According to some embodiments of the present invention, the adding the perturbation to the word vector corresponding to the word vector loss gradient with the preset size specifically includes:

and adding disturbance step by step to the word vectors corresponding to the word vector loss gradient with the preset size, and setting the size of the disturbance radius as a preset value.

A system for processing a mathematically applied problem solution model according to an embodiment of a second aspect of the present invention comprises:

the acquisition module is used for acquiring a plurality of original math application questions;

the retranslation operation module is used for performing retranslation operation on the name of the original mathematic application question to obtain a first data set;

the judging module is used for judging whether the text in the first data set is a question or not, and if so, adding the text to a normal sequence; otherwise, adding the text to the abnormal sequence;

the expansion and word segmentation module is used for sequentially expanding and segmenting the normal sequence and the abnormal sequence;

and the training and updating module is used for training the mathematical application question solution model by taking the sequence after word segmentation and the original mathematical application question as a training set, and updating the parameters of the neural network model after the training is finished.

A processing system for mathematically applying a problem solution model according to an embodiment of a third aspect of the present invention includes:

at least one memory for storing a program;

at least one processor, configured to load the program to perform the processing method of the mathematical application problem solution model described in the embodiment of the first aspect.

A storage medium according to an embodiment of a fourth aspect of the present invention stores therein a program executable by a processor, and the program executable by the processor is configured to perform the processing method of the mathematical application problem solution model described in the embodiment of the first aspect when the program is executed by the processor.

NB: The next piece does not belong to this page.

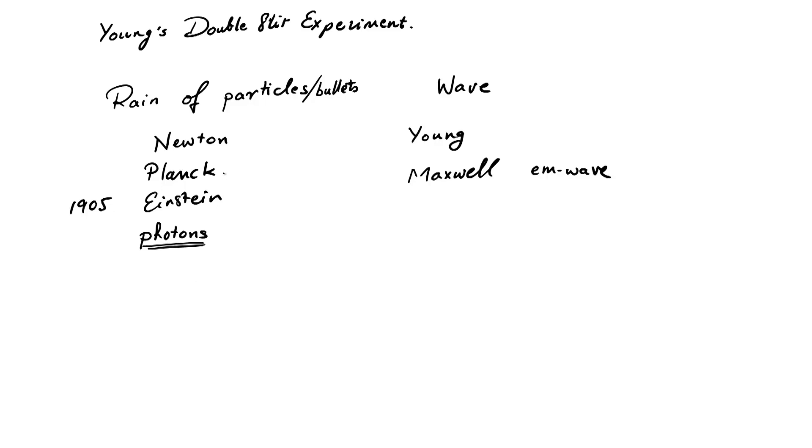So, there seemed to be a real contradiction between these different phenomena. It was not clear how to reconcile these views with each other.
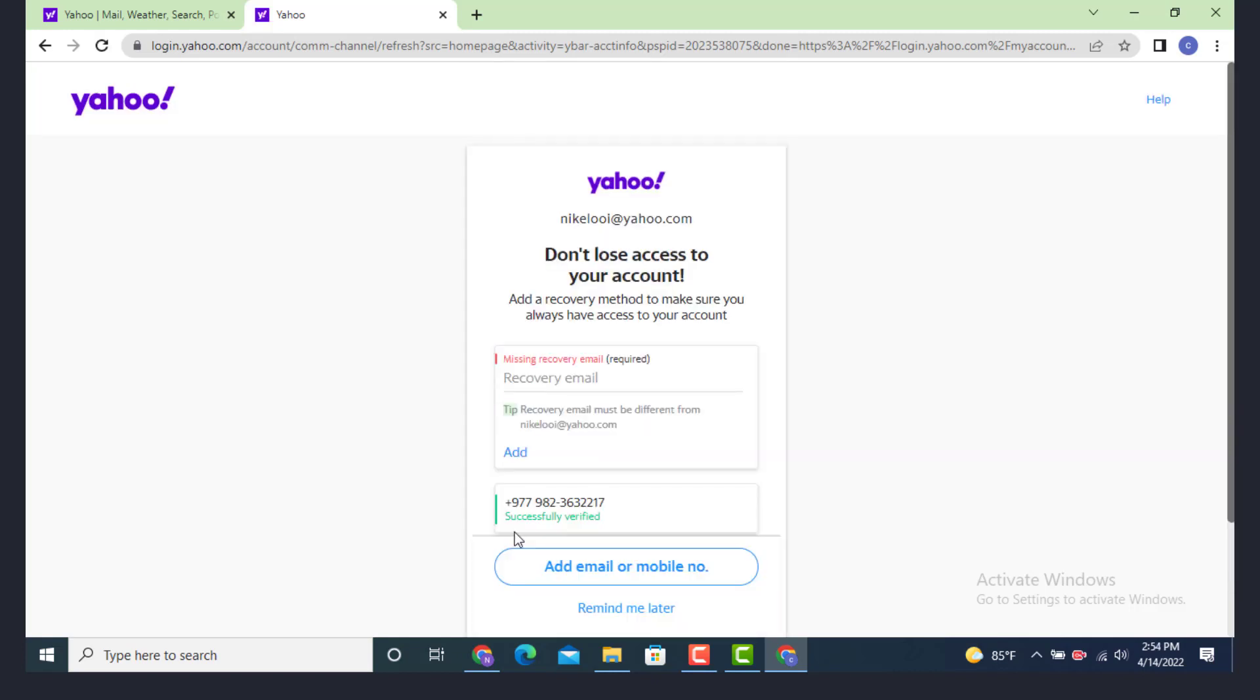Here you can see that my phone number is replaced with my currently verified new phone number. And this is how you can change your phone number on Yahoo Mail on your device. That's all for this video. I hope the video is helpful.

Additional aspects and advantages of the invention will be set forth in part in the description which follows and, in part, will be obvious from the description, or may be learned by practice of the invention.

Drawings

The invention is further described with reference to the following figures and examples, in which:

FIG. 1 is a flow chart of a method for processing a mathematically applied problem solution model according to an embodiment of the present invention;

FIG. 2 is an exemplary diagram of text classification in one embodiment;

FIG. 3 is a simplified diagram of an embodiment;

FIG. 4 is a line graph of impact factors for a sequence of characters according to one embodiment;

FIG. 5 is a flow diagram of disturbance addition according to an embodiment.

Detailed Description

Reference will now be made in detail to embodiments of the present invention, examples of which are illustrated in the accompanying drawings, wherein like or similar reference numerals refer to the same or similar elements or elements having the same or similar function throughout. The embodiments described below with reference to the accompanying drawings are illustrative only for the purpose of explaining the present invention, and are not to be construed as limiting the present invention.

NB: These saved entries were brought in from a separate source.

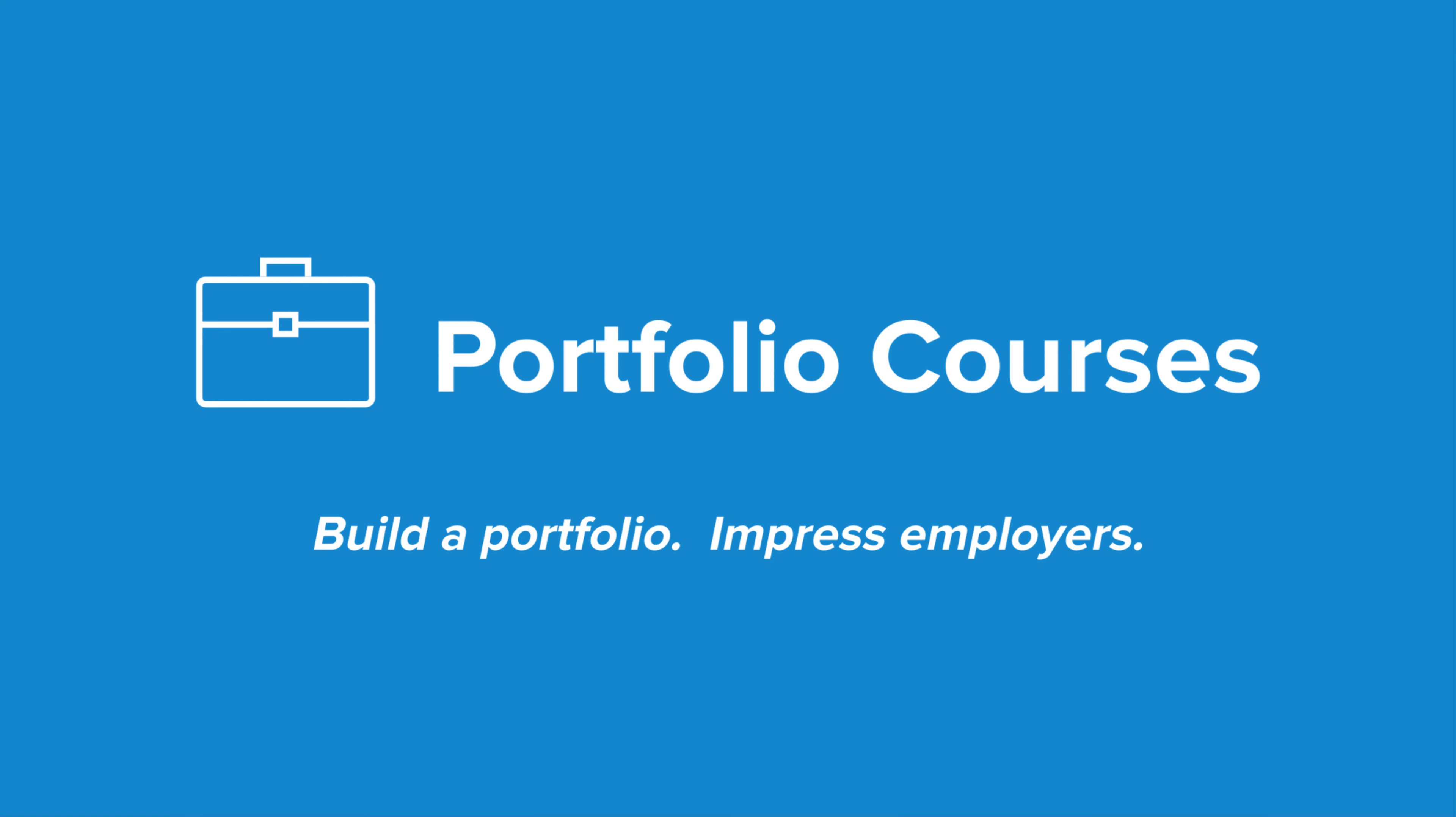Check out portfoliocourses.com where we'll help you build a portfolio that will impress employers, including courses to help you develop C programming projects.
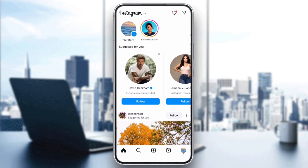Hey everyone! If you're experiencing monetization issues on Instagram, I've got a few steps to help you get back on track. Let's dive right in.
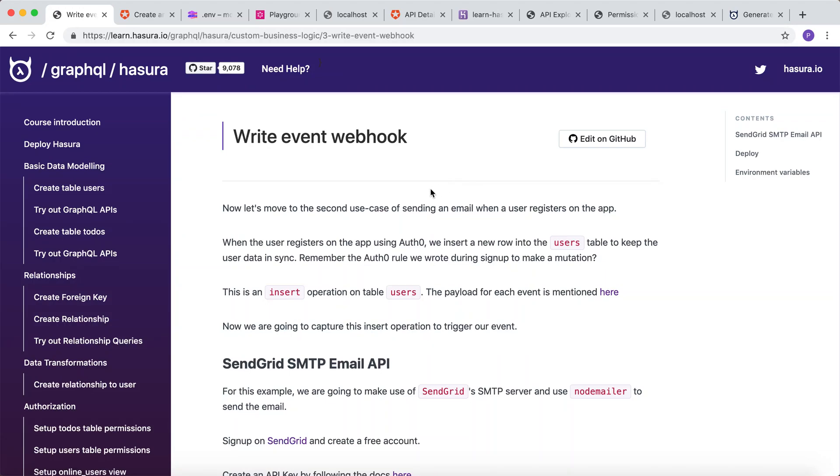Now let's move on to the second use case where you send an email whenever a user registers on the app. This is to just get notified for new signups.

In the description of the present invention, the meaning of a plurality is one or more, the meaning of a plurality is two or more, and the above, below, exceeding, etc. are understood as excluding the present numbers, and the above, below, within, etc. are understood as including the present numbers. If the first and second are described for the purpose of distinguishing technical features, they are not to be understood as indicating or implying relative importance or implicitly indicating the number of technical features indicated or implicitly indicating the precedence of the technical features indicated.

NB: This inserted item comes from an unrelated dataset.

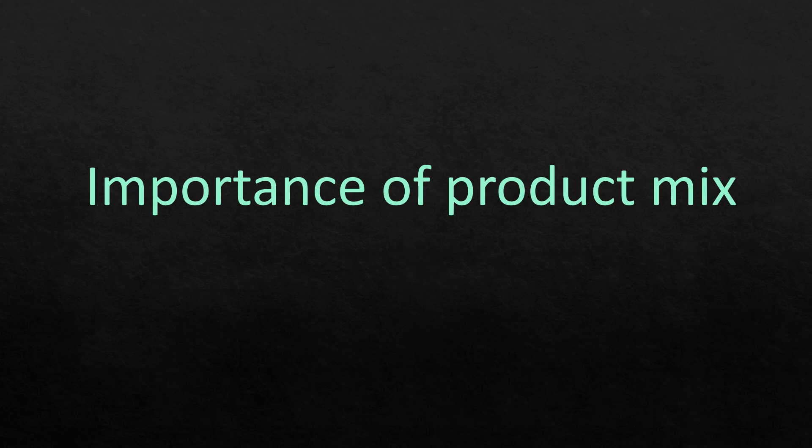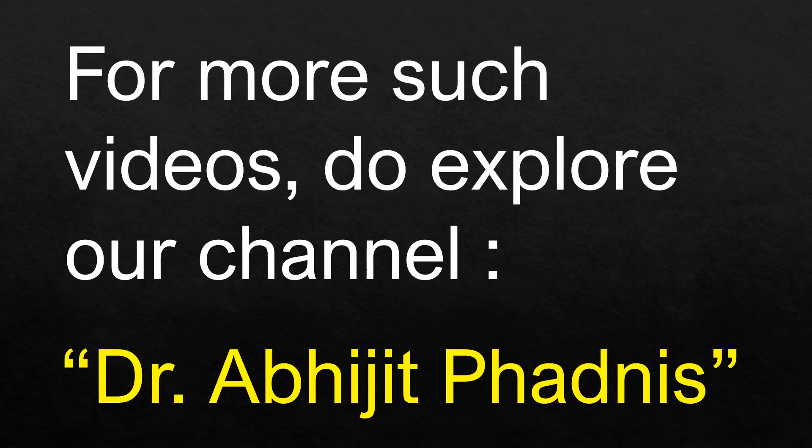We are going to discuss in other videos concepts which are derived from variable costs such as contribution, and many other concepts such as break-even point and margin of safety, the calculation of which depends on understanding of variable costs. For more such videos, do explore our channel, Dr. Abhijit Frednis.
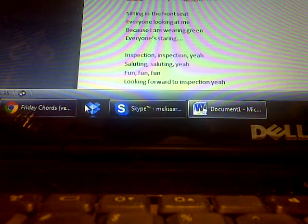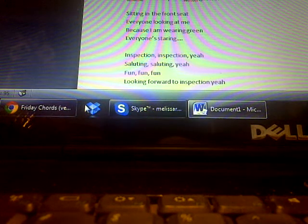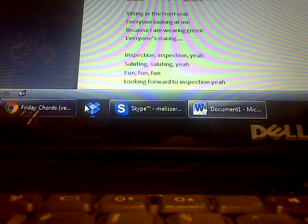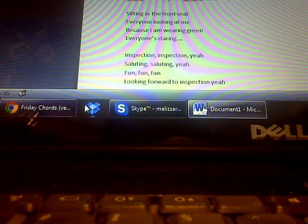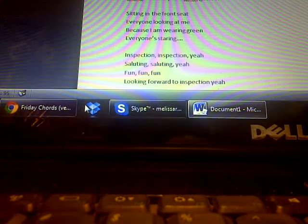Inspection, inspection, yeah. Saluting, saluting, yeah. Fun, fun, fun. Looking forward to inspection, yeah.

In the description of the present invention, unless otherwise explicitly defined, terms such as set, etc. should be broadly construed, and those skilled in the art can reasonably determine the specific meanings of the above terms in the present invention in combination with the detailed contents of the technical solutions.

In the description of the present invention, reference to the description of the terms "one embodiment," "some embodiments," "an illustrative embodiment," "an example," "a specific example," or "some examples," etc., means that a particular feature or characteristic described in connection with the embodiment or example is included in at least one embodiment or example of the present invention. In this specification, the schematic representations of the terms used above do not necessarily refer to the same embodiment or example. Furthermore, the particular features or characteristics described may be combined in any suitable manner in any one or more embodiments or examples.

Referring to fig. 1, an embodiment of the present invention provides a method for processing a problem solution model for mathematical application, and the embodiment may be applied to a server or a background controller of various types of problem search software.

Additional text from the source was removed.